Exercise objective: The line containing "I'll leave that" marks the end; write out exactly every line from the start of the data up to and including it, without the pictures.

Given data:
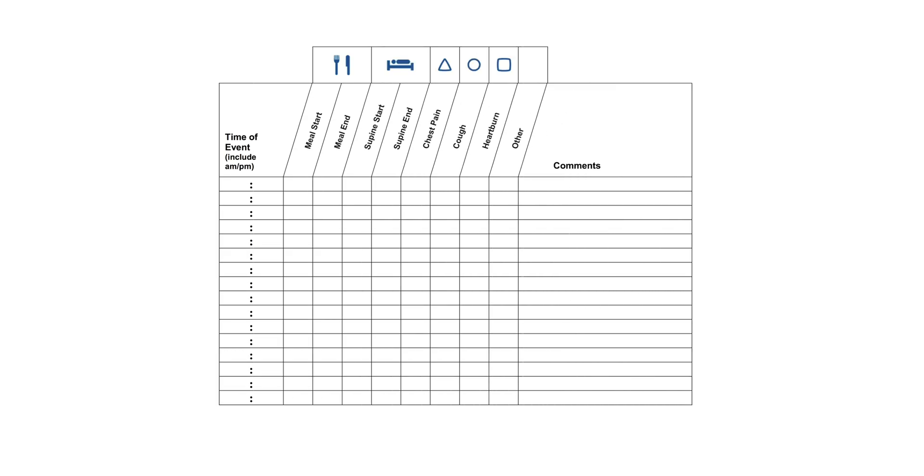You will be sent home with a diary sheet. This is meant for any other symptoms or situations that need further explanation. For example, if you forget to press a button, you can write this information in the diary. Please make sure to write your name and turn it in with the recorder.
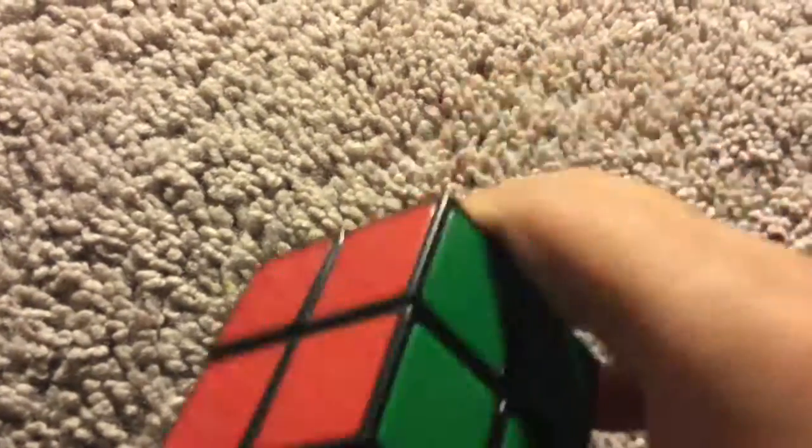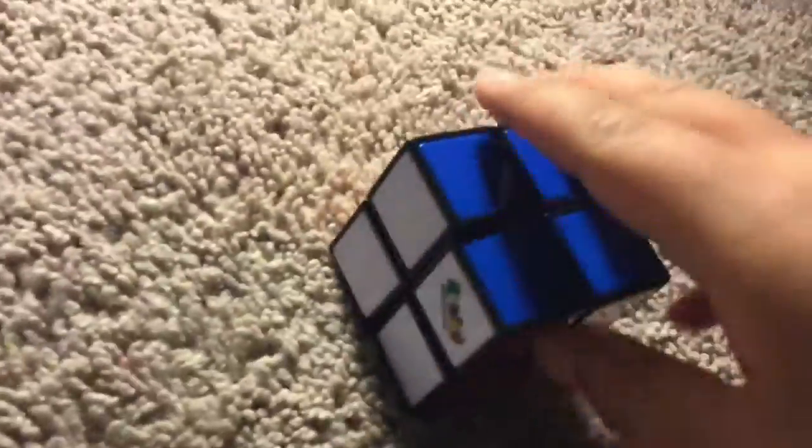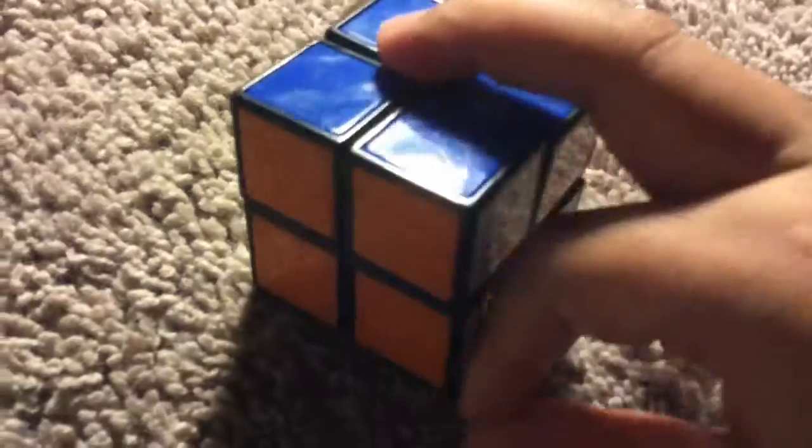It turns very nicely — it's firm, and you can turn it really fast. I can only use one hand because the other hand is holding the camera. Yeah, it turns really fast and it's fun to roll around with, it's fun to play with.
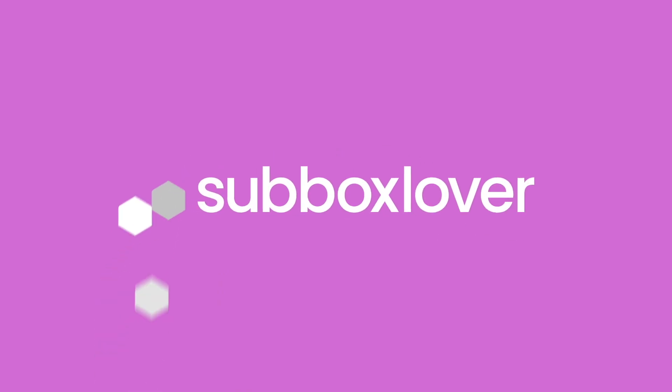I'll leave that down below in case you're interested in signing up. Welcome back to all the sub box lovers out there — if you're new, my name is Katrina and on my channel I unbox lots of different subscription boxes. If you like these seasonal home decor videos, make sure you give this video a thumbs up, subscribe, and hit the notification bell so you don't miss future uploads. Let's dive in!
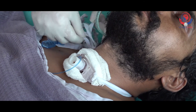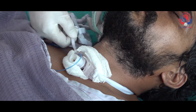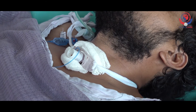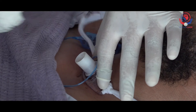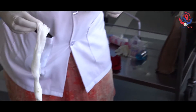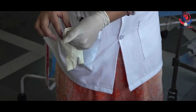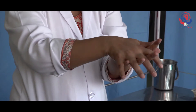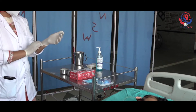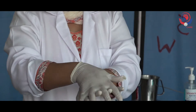Loosen the knot of the previous ties so that you can easily clean the stoma site and change the dressing of the tracheostomy tube. Remove the dressing around the tracheostomy tube with the dominant hand and discard it into the dustbin. Remove gloves and discard them in the dustbin. Again wash your hands with hand rub.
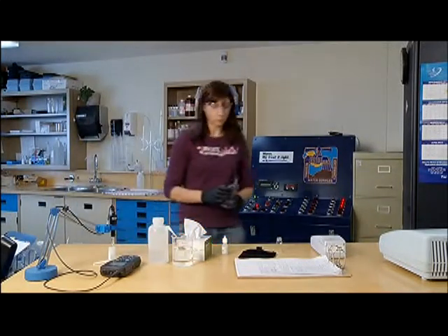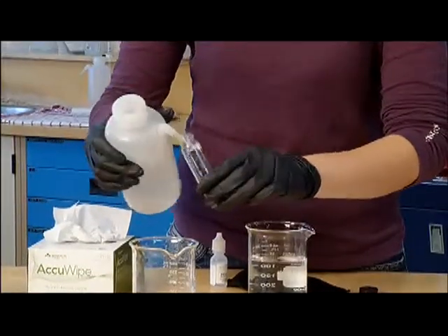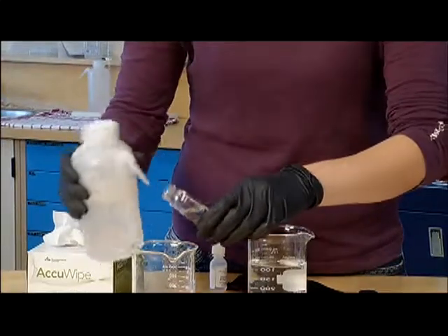Move to the testing area. Rinse the sample bottle with lab-use approved ultra-pure water.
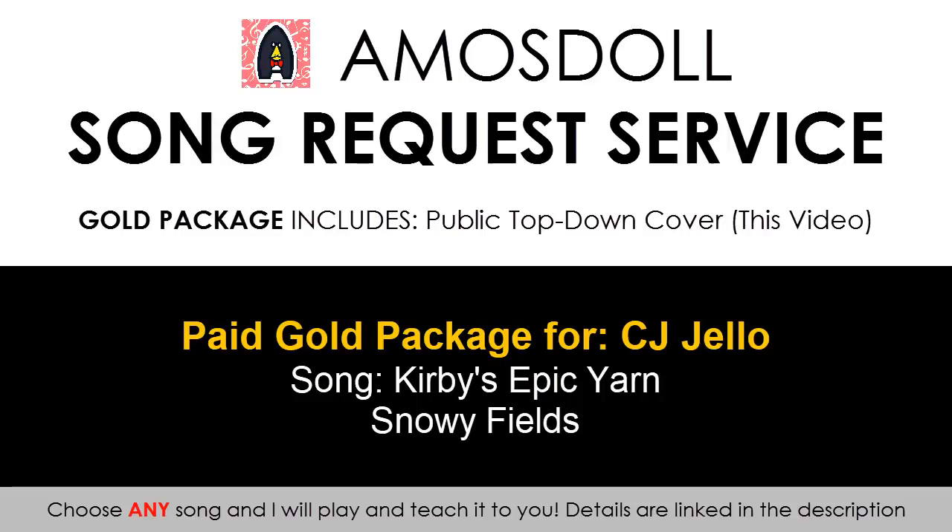Anyway, if you also want to request a cover or full song lesson, then click on the links in the description below to get the custom videos made for you. Meanwhile, sit back and relax — this is the piano cover called Snowy Fields from Kirby's Epic Yarn.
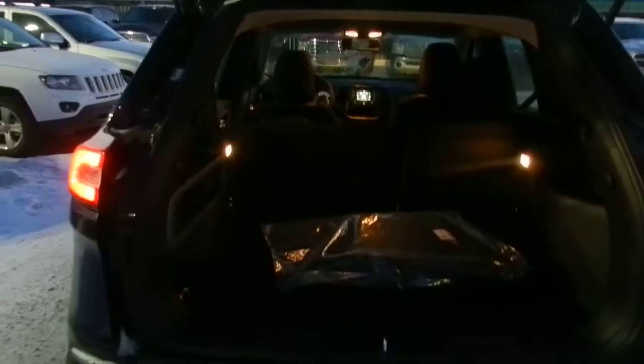Take a look at the back — lots of room, and as you can see, the seats just fold down just like so. Take a look at the seats down from the back view.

Task output:
You will be sent home with a diary sheet. This is meant for any other symptoms or situations that need further explanation. For example, if you forget to press a button, you can write this information in the diary. Please make sure to write your name and turn it in with the recorder.
It turns very nicely — it's firm, and you can turn it really fast. I can only use one hand because the other hand is holding the camera. Yeah, it turns really fast and it's fun to roll around with, it's fun to play with.
I'll leave that down below in case you're interested in signing up. Welcome back to all the sub box lovers out there — if you're new, my name is Katrina and on my channel I unbox lots of different subscription boxes. If you like these seasonal home decor videos, make sure you give this video a thumbs up, subscribe, and hit the notification bell so you don't miss future uploads. Let's dive in!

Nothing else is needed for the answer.